I learned to cube with the Rubiety Society method (developed by Alice Yu and friends), which makes the necessary algorithms easier to remember by turning them into stories (along the lines of "family drops kids off at summer camp", where each step in the story corresponds to a cube move).

I noticed that I have been finding myself reading articles and discussions on stressful subjects I can't do anything about (ranging from "things I should donate to if I had net positive income" to "hanging out with friends"), and the resulting feelings are clearly not doing anything good for my health. So I'm filtering: anything sufficiently stressful that shows up in my feeds gets removed/blocked/"I don't want to see this"'d. Still working on convincing myself not to read the comments on SSC's "Things I will regret writing" articles (I should just avoid those articles entirely, eventually). One can't very well unlearn helplessness when constantly indulging in reminders.

Polyphasic sleep by the end of the year. Probably Dymaxion. I just made a REM-detecting alarm, and will be testing it after I recover from my wisdom teeth removal. (takes ~ 6 weeks for the healing to complete properly...)

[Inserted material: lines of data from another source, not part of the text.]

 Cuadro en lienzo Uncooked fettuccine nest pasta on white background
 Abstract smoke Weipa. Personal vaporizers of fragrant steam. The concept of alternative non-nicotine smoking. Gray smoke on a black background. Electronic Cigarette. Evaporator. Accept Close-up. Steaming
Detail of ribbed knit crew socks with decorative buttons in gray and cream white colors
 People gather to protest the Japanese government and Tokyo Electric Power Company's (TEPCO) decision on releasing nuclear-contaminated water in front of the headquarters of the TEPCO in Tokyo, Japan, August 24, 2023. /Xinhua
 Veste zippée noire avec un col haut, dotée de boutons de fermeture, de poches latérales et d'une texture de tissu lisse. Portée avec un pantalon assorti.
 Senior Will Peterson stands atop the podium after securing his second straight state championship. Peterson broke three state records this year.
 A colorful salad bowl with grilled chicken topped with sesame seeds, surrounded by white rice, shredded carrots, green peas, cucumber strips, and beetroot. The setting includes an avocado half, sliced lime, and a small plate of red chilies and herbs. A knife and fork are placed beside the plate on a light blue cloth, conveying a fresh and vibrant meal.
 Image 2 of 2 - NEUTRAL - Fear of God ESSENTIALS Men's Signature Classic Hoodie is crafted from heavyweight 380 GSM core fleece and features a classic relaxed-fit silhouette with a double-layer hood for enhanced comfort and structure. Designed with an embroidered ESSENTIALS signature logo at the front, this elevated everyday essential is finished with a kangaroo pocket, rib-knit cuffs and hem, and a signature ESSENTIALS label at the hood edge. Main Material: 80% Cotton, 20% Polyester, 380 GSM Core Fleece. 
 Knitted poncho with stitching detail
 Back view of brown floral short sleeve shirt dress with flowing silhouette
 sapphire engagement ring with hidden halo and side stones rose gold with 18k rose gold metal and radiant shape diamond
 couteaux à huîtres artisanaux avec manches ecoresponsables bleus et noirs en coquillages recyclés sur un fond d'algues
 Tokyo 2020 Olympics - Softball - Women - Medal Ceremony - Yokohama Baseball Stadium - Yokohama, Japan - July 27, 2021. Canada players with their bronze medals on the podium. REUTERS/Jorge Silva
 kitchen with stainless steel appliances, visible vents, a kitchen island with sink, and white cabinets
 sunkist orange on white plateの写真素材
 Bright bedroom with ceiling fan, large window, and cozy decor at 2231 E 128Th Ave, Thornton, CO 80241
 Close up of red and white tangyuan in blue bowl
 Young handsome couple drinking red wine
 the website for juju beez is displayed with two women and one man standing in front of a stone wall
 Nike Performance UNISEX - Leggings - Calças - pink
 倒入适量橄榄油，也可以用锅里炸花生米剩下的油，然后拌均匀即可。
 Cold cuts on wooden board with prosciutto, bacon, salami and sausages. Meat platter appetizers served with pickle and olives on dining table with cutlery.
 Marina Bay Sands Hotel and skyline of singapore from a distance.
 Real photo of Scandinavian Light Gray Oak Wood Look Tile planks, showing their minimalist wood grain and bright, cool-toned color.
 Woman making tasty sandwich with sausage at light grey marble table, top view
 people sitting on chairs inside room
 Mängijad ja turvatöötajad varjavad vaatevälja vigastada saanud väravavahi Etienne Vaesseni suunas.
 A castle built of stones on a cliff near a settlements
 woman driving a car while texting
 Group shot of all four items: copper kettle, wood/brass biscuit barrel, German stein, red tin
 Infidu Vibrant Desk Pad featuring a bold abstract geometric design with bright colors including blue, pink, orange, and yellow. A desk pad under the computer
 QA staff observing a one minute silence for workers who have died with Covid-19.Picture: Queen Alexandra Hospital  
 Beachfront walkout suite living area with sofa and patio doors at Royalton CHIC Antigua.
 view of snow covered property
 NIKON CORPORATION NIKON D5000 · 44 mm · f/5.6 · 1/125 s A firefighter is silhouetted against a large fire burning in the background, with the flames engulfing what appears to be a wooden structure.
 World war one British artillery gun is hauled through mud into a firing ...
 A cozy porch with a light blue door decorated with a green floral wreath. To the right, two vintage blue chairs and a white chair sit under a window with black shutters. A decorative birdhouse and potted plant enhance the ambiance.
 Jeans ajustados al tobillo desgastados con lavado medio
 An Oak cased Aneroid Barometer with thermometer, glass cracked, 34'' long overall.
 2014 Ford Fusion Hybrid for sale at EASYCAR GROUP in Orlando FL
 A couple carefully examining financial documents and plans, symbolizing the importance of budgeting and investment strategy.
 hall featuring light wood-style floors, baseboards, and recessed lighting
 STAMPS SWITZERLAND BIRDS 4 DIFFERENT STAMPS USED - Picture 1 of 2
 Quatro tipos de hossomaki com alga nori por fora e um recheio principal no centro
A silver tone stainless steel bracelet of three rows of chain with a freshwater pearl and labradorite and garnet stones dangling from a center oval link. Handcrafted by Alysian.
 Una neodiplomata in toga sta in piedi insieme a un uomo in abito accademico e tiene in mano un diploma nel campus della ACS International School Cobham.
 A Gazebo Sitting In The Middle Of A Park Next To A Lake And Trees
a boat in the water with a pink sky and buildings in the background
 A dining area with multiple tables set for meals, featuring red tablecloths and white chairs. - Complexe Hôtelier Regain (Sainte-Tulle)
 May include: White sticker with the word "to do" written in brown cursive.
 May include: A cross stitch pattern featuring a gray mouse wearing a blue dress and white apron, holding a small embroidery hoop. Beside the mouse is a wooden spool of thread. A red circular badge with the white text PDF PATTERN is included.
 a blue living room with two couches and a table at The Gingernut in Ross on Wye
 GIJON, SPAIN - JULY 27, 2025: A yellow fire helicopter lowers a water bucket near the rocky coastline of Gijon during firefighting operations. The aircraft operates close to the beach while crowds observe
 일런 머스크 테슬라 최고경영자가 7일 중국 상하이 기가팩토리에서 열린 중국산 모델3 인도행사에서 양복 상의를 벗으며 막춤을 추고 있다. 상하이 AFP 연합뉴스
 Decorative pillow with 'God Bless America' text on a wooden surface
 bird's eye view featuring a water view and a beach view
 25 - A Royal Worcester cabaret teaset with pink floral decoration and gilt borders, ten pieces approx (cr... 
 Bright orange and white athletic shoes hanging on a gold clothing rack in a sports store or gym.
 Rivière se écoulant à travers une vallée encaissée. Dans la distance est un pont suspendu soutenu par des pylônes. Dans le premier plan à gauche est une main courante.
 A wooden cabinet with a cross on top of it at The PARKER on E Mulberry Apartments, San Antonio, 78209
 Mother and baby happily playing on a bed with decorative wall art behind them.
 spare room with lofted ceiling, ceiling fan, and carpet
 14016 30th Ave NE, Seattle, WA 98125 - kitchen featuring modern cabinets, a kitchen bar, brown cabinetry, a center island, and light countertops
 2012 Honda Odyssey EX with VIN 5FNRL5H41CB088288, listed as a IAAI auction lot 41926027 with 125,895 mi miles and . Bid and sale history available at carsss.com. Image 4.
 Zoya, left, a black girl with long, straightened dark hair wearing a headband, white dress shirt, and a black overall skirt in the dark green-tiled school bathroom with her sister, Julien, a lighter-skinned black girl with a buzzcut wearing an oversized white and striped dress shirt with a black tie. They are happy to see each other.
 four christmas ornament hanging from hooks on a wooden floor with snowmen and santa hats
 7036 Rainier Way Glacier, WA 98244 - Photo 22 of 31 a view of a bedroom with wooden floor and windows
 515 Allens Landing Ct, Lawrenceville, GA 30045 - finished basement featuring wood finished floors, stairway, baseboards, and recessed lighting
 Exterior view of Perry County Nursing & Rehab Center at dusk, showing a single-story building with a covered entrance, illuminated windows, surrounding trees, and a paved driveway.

This is just a short comment to let others know that user UnrequitedHope has sent me a reply via PM (to this comment) - and for that matter a rather thoughtful one, relative to my expectations. Hopefully this is not violating their privacy or anything. Posting as a top-level reply, since replying to downvoted comments is officially "discouraged".

[-][anonymous]00

Nah, man. I don't mind.

Trying to notice and update on how much brainpower is used by/distraction is caused by looming unmade decisions, even fairly trivial ones.

I budgeted to buy some things to make my life better, and then made a request to my local Less Wrong group in order to find a list of low-hanging fruit that i might not have thought of. we came up with a few really interesting ideas.